• [Problem details] Pictures aside, the output must consist of the lines from the one containing "Nureh Signature Prints Lawn – SP-151" through the end of the data, reproduced exactly.

###

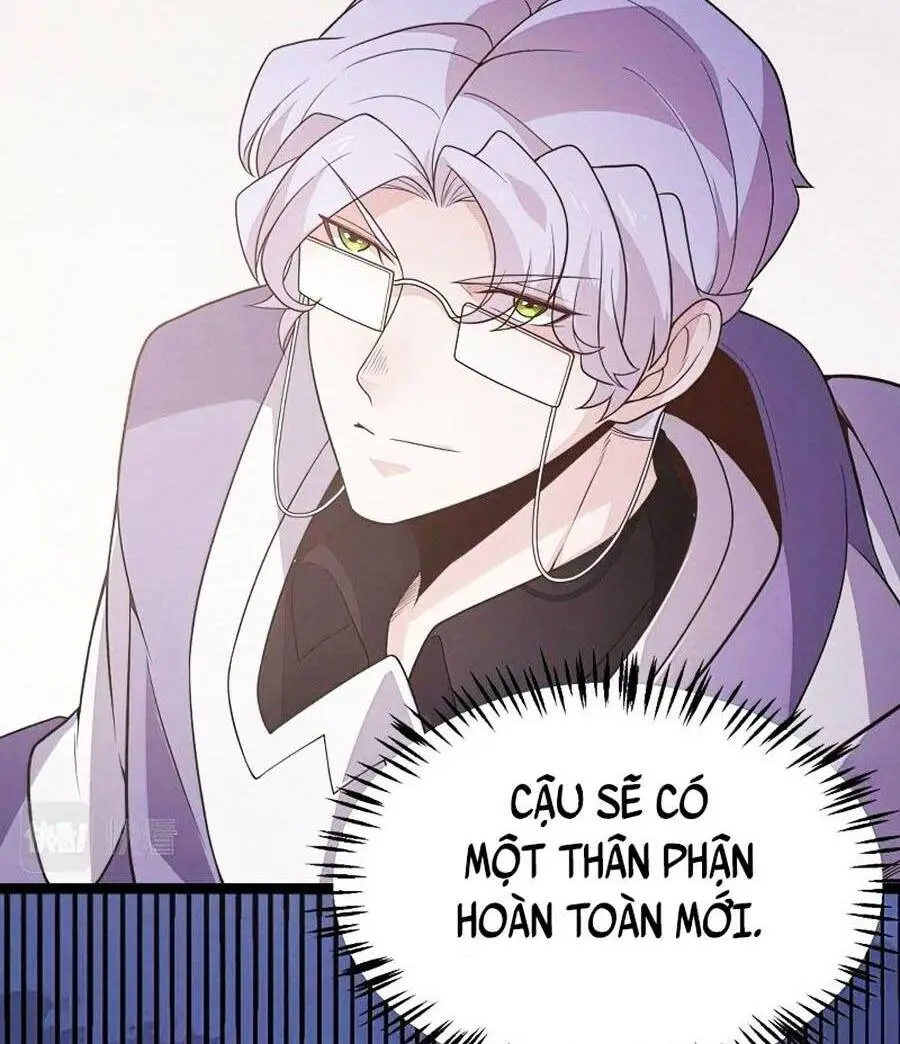 Chapter 121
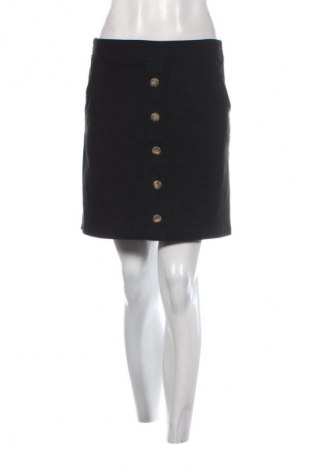 Rock Jean Pascale, Größe M, Farbe Schwarz, Preis 1,99 €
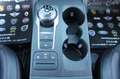 Ford Kuga Kuga 1.5 ecoblue ST-Line X 2wd 120cv auto Argento - thumbnail 42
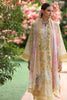 Nureh Signature Prints Lawn – SP-151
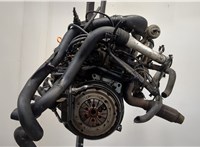  Двигатель (ДВС) Volkswagen Sharan 1995-1999 20348467 #4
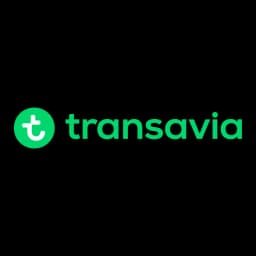Transavia logo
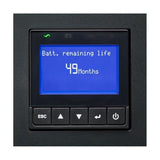 EATON 9PX 2200i RT2U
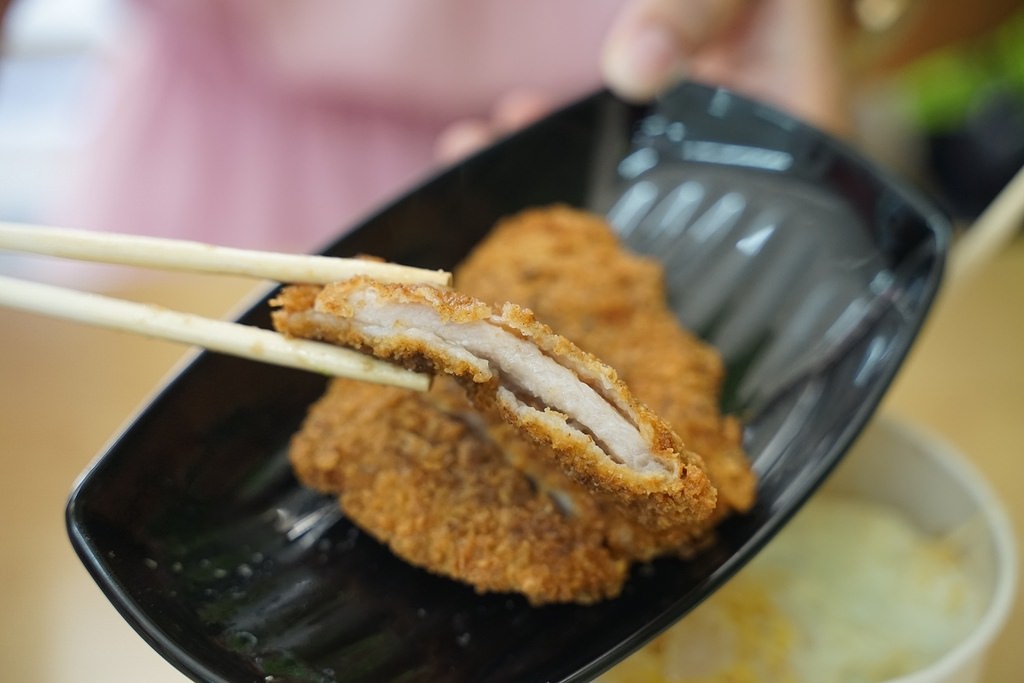 【桃園龜山早午餐推薦】桃園龜山銘傳大學早餐好選擇 餐點種類多樣化 陸食玖早午餐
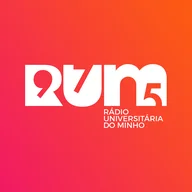 Rádio Universitária UMinho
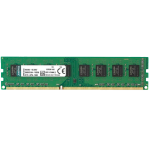 Память DDR3 8Гб 1600МГц Kingston (12800Мб/с, CL11, 240-pin, 1.5)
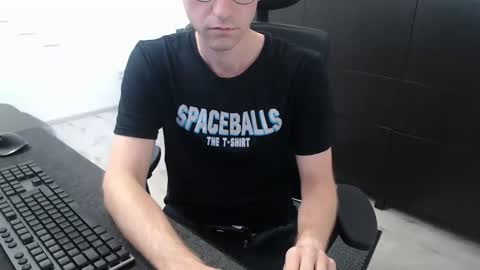 Chris online show from 09.09.25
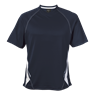 BRT Hydro Short Sleeve T-Shirt, BRT369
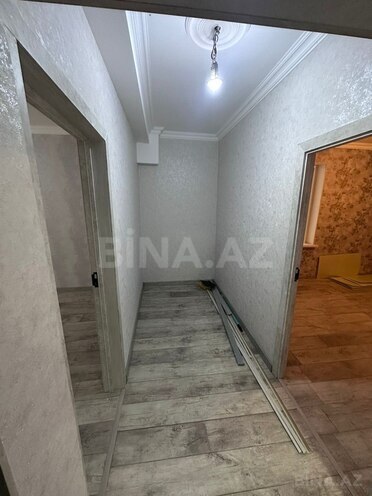Продаётся 3-комн. вторичка 65 м², м. Ахмедлы, photo 8 from 12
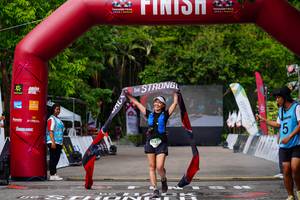 BIB: 
                            <button type="button" onclick="openModal(22145091)" class="btn btn-primary btn-sm float-right btn-popup" data-toggle="modal" data-target=".modal-high-quality">
                        <i class="fas fa-shopping-cart"></i> Add to Cart
                    </button>
                                            <button type="button" onclick="isThisMe(22145091, true)" class="btn btn-success btn-sm float-right btn-popup btn-isme hidden" data-toggle="tooltip" data-placement="bottom" title="นี่คือรูปของคุณใช่ไหม คลิกที่นี่เพื่อเอาเข้าอัลบั้ม">
                        <i class="fas fa-plus"></i> Add to album
                    </button>
                    <button type="button" onclick="isThisMe(22145091, false)" class="btn btn-warning btn-sm float-right btn-popup btn-isnotme hidden">
                        <i class="fas fa-ban"></i> Remove from album
                    </button>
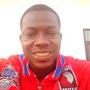 Free Chat Dating Sites | NehoPro5, 37 (Male) from United States - FriendFin | Profile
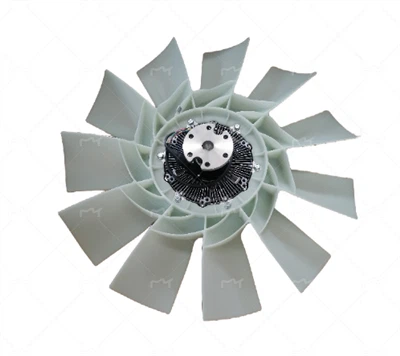 Dodávatelia PC210-10 Clutch 20Y-01-56130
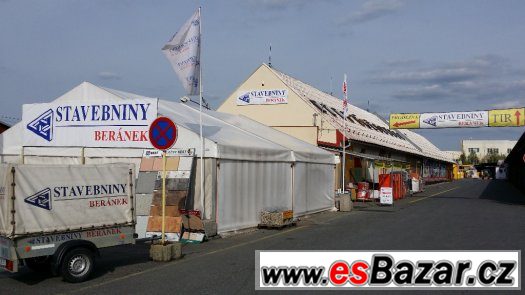 Přijmeme obchodního zástupce/zástupkyni – fotografie 1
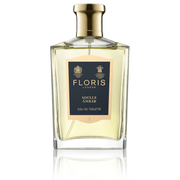 Soulle Ambar 100ml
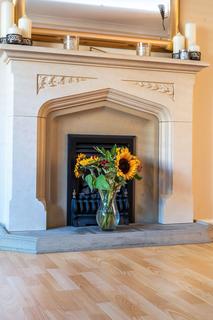 5 Vespasian Gardens, Basingstoke, RG24 9SH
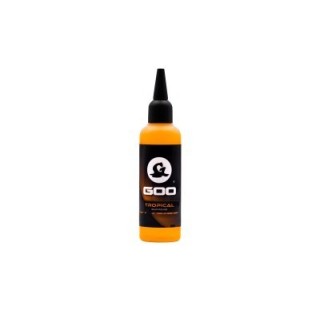 Korda Goo Tropical Supreme 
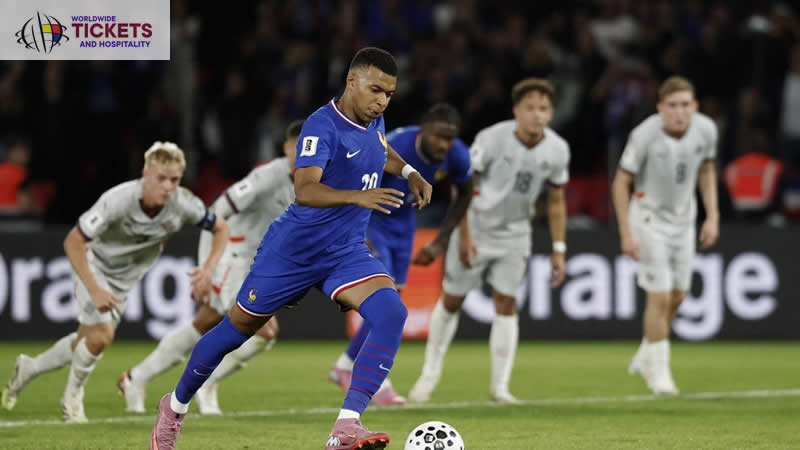 Soccer World Cup Tickets | Football World Cup 2026 Tickets | FIFA World Cup Tickets | World Cup 2026 Tickets | Football World Cup Tickets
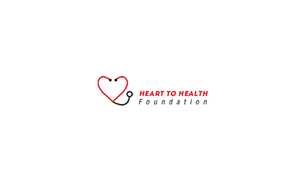 Diseño de Logo por Designer Agency para este proyecto | Diseño: #3983702
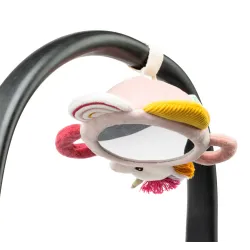 Awakening Mirror Lena the Unicorn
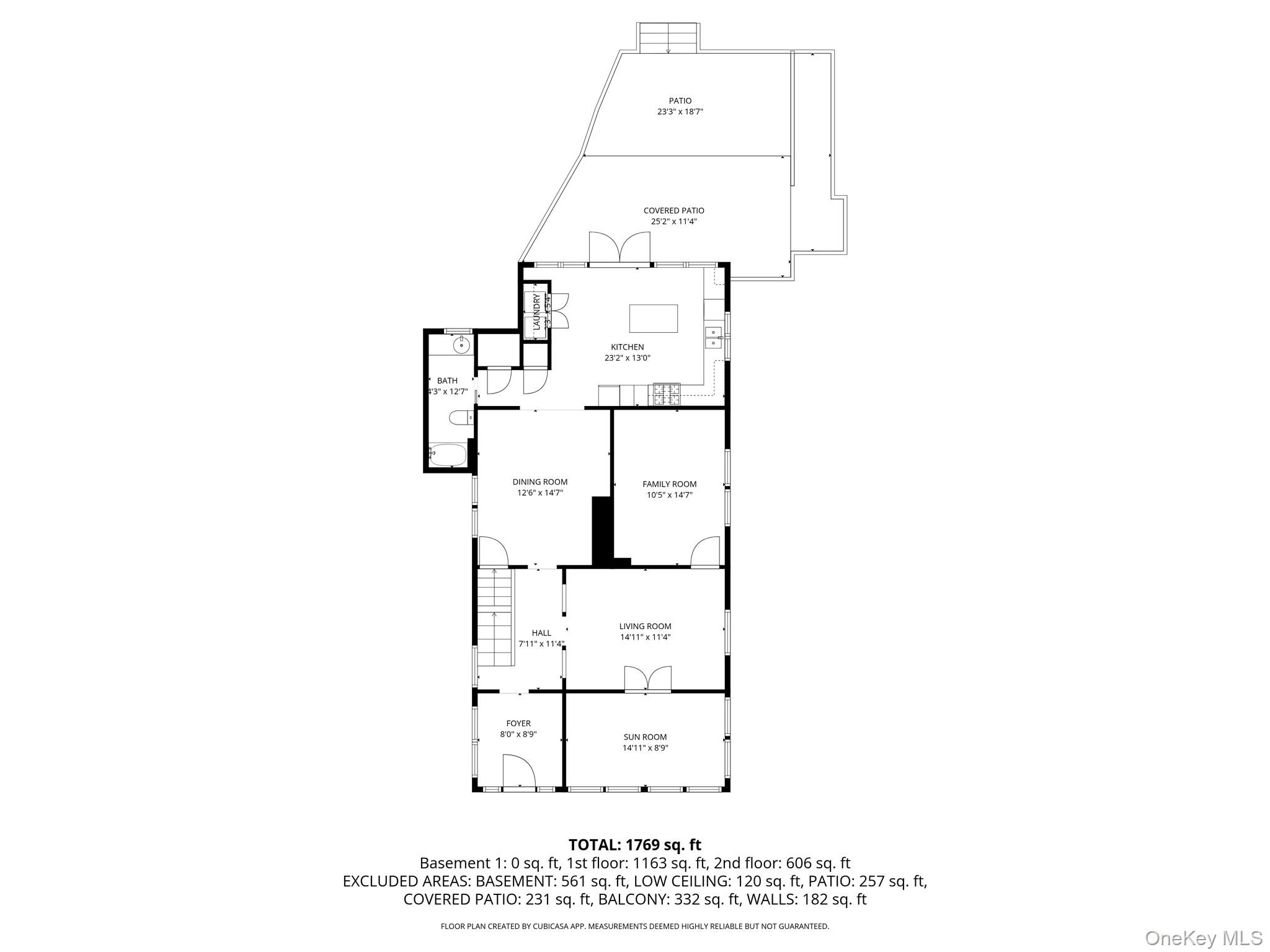 1451 Locust Avenue, Bohemia, NY 11716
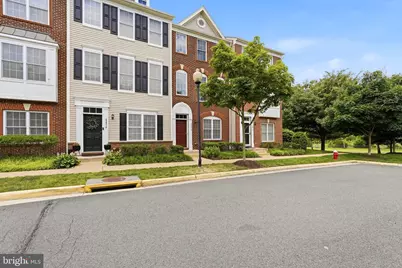 42817 Pamplin Terrace, Chantilly, VA 20152 - Photo 48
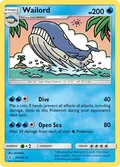 Wailord 30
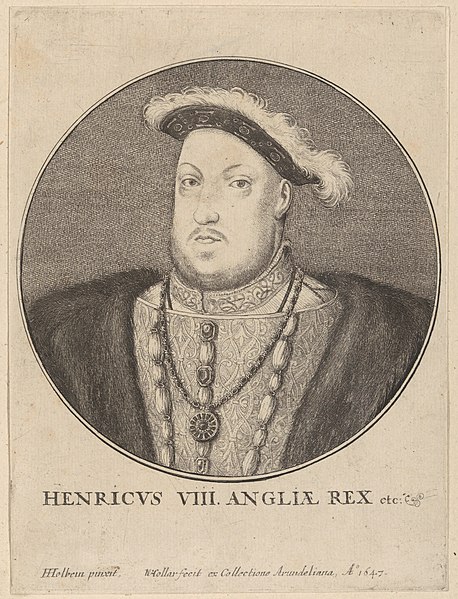 File:Henricus VIII Angliae Rex etc. MET DP247916.jpg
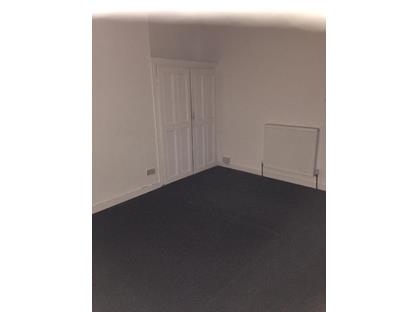 2 Bed Terraced House, Edmundson Street, BB5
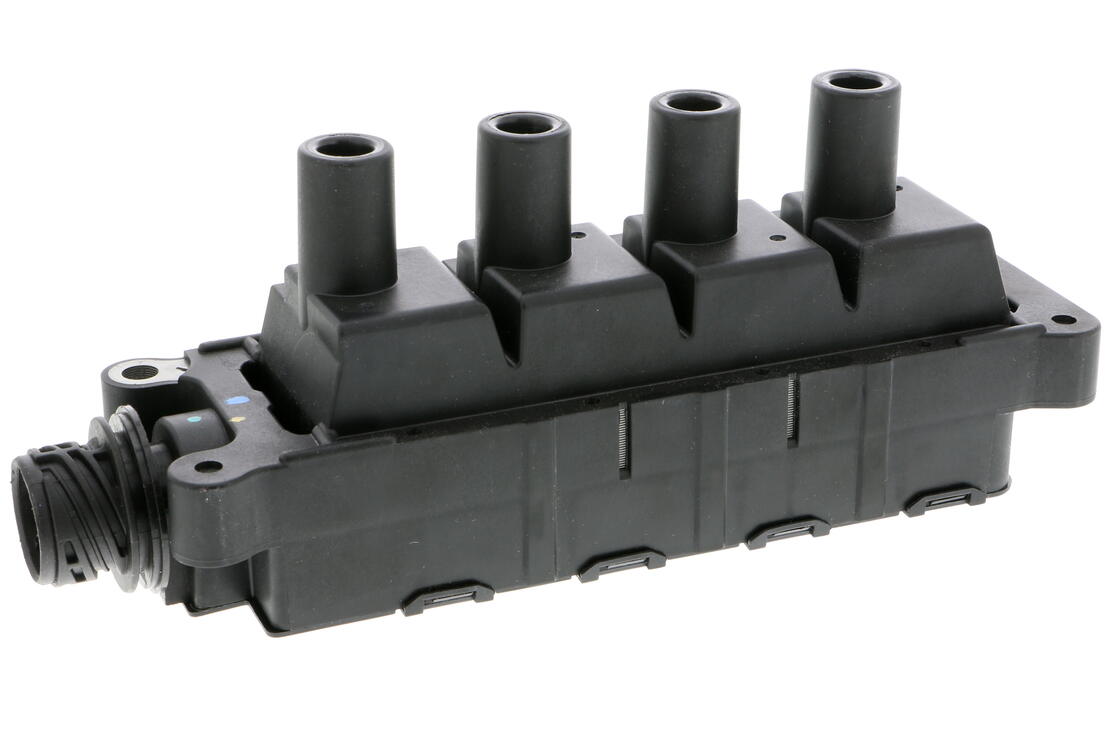 VEMO V20-70-0015-1 Ignition Coil | ML Performance Car Parts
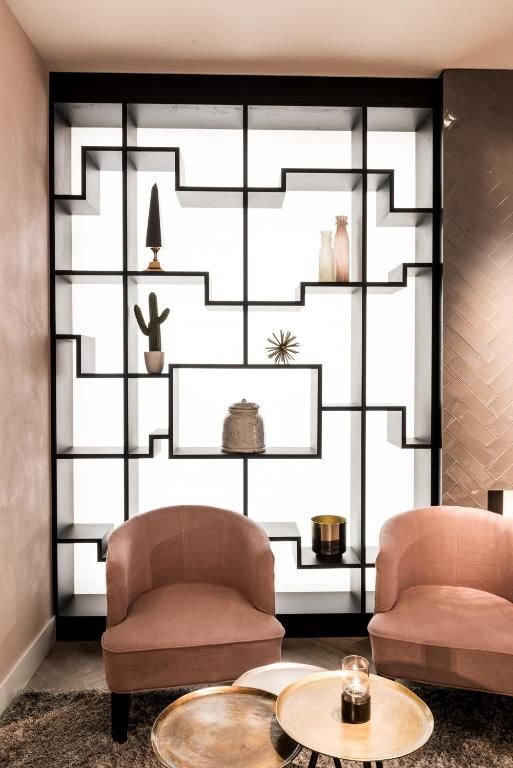 Verblijf 294107 - Vakantie appartement Kempen - Sandton Eindhoven Centre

###

• [Expected output]
 Nureh Signature Prints Lawn – SP-151
  Двигатель (ДВС) Volkswagen Sharan 1995-1999 20348467 #4
Transavia logo
 EATON 9PX 2200i RT2U
 【桃園龜山早午餐推薦】桃園龜山銘傳大學早餐好選擇 餐點種類多樣化 陸食玖早午餐
 Rádio Universitária UMinho
 Память DDR3 8Гб 1600МГц Kingston (12800Мб/с, CL11, 240-pin, 1.5)
 Chris online show from 09.09.25
 BRT Hydro Short Sleeve T-Shirt, BRT369
Продаётся 3-комн. вторичка 65 м², м. Ахмедлы, photo 8 from 12
 BIB: 
                            <button type="button" onclick="openModal(22145091)" class="btn btn-primary btn-sm float-right btn-popup" data-toggle="modal" data-target=".modal-high-quality">
                        <i class="fas fa-shopping-cart"></i> Add to Cart
                    </button>
                                            <button type="button" onclick="isThisMe(22145091, true)" class="btn btn-success btn-sm float-right btn-popup btn-isme hidden" data-toggle="tooltip" data-placement="bottom" title="นี่คือรูปของคุณใช่ไหม คลิกที่นี่เพื่อเอาเข้าอัลบั้ม">
                        <i class="fas fa-plus"></i> Add to album
                    </button>
                    <button type="button" onclick="isThisMe(22145091, false)" class="btn btn-warning btn-sm float-right btn-popup btn-isnotme hidden">
                        <i class="fas fa-ban"></i> Remove from album
                    </button>
 Free Chat Dating Sites | NehoPro5, 37 (Male) from United States - FriendFin | Profile
 Dodávatelia PC210-10 Clutch 20Y-01-56130
 Přijmeme obchodního zástupce/zástupkyni – fotografie 1
 Soulle Ambar 100ml
 5 Vespasian Gardens, Basingstoke, RG24 9SH
 Korda Goo Tropical Supreme 
 Soccer World Cup Tickets | Football World Cup 2026 Tickets | FIFA World Cup Tickets | World Cup 2026 Tickets | Football World Cup Tickets
 Diseño de Logo por Designer Agency para este proyecto | Diseño: #3983702
 Awakening Mirror Lena the Unicorn
 1451 Locust Avenue, Bohemia, NY 11716
 42817 Pamplin Terrace, Chantilly, VA 20152 - Photo 48
 Wailord 30
 File:Henricus VIII Angliae Rex etc. MET DP247916.jpg
 2 Bed Terraced House, Edmundson Street, BB5
 VEMO V20-70-0015-1 Ignition Coil | ML Performance Car Parts
 Verblijf 294107 - Vakantie appartement Kempen - Sandton Eindhoven Centre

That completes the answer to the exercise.